Finance Contracts: Everything You Need to Know
Finance contracts are contracts that are used in accordance with securities law to allow for individually negotiated agreements.3 min read
Finance contracts, or financial services contracts, are contracts that are used in accordance with securities law to allow for individually negotiated agreements involving commodities, securities, currencies, or other interests of an economic or financial nature. These contracts are used for buying, selling, lending, swapping, and repurchasing within the financial markets. Different kinds of financial deals will require different variations of the basic finance contract.
Options contracts are a kind of finance contract that involve a seller and buyer agreeing to give the option’s purchaser the right to sell or buy an asset at an agreed upon price at a specified date. Such contracts are common to commodities, real estate, and securities transactions.
Forward contracts are a kind of finance contract that involve private agreements between two parties that give the buyer the obligation to buy an asset at an agreed upon price at an agreed upon time. Assets involved in these contracts include such commodities as precious metals, grains, oil, electricity, natural gas, and livestock, for example, although financial instruments and foreign currencies are now common also.

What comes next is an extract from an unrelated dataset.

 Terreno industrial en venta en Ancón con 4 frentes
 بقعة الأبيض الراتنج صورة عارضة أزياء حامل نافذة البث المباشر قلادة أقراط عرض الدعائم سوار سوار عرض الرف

Forward Contracts or Futures Contracts
Forward contracts are very similar to futures contracts insofar as they both let one sell or buy assets at specific times for specific prices, but futures contracts are standardized and traded on an exchange, unlike forward contracts. Additionally, futures contracts settle on a daily basis, which means both parties involved must be able to handle the price fluctuations over the contract’s life, unlike the case with forward contracts, where settlement happens at the end of the contract only.
That said, parties partaking in forward contracts generally bear greater risk to their credit than those that deal in futures contracts due to the fact that there is no clearinghouse guaranteeing performance. Because of this, the risk that a party in a forward contract will be forced to default is always present, and the party harmed by this may have no recourse other than to sue. Thus prices for forward contracts often come with premiums because of the additional credit risk.
How Contract Finance Works
When it comes to finance contracts, most lenders desire some way to control or monitor their payments and expenses. The method used by them is determine by the other party’s professional reputation as it pertains to their trading history and delivery reliability. The more a business is established, the less a lender will feel the need to be in control of the related finances. The financing options are as follows:
- Purchase order finance. This form of finance is a short-term advance or loan that is secured by contract or purchase order to pay for the raw materials, inputs, packaging, trade or finished goods for resale, or other items needed to provide a service or make and ship a product. Some lenders may also offer financing for purchase orders that may be used to finish the contracted work.
- Lender-controlled money. In this form of finance a separate bank account is created to hold the loan amount for the contract. The entity that awarded the contract will place payments into the new account in accordance with the terms of the contract. To receive the most from such a financing arrangement, a close relationship to the lender and good communication is beneficial. When the contract is finished and the final payment is made, the lender will deduct any fees, deposit any remaining money in your business account, and then close the lending account.
- Borrower-controlled money. In this form of finance, you have control of the contract and finances. The money in question will be available in the form of an overdraft or short-term loan for the contract’s duration and the bank involved will monitor the account transactions so as to ensure that the finances are being managed responsibly. Interest charges are deducted from this account each month, and by the end of the contract the full cost of the loan will have to be repaid. If the contract allows it and the lender feels the situation demands it, they will be able to step in and take control of the money. Such a detail should be noted before a contract is signed.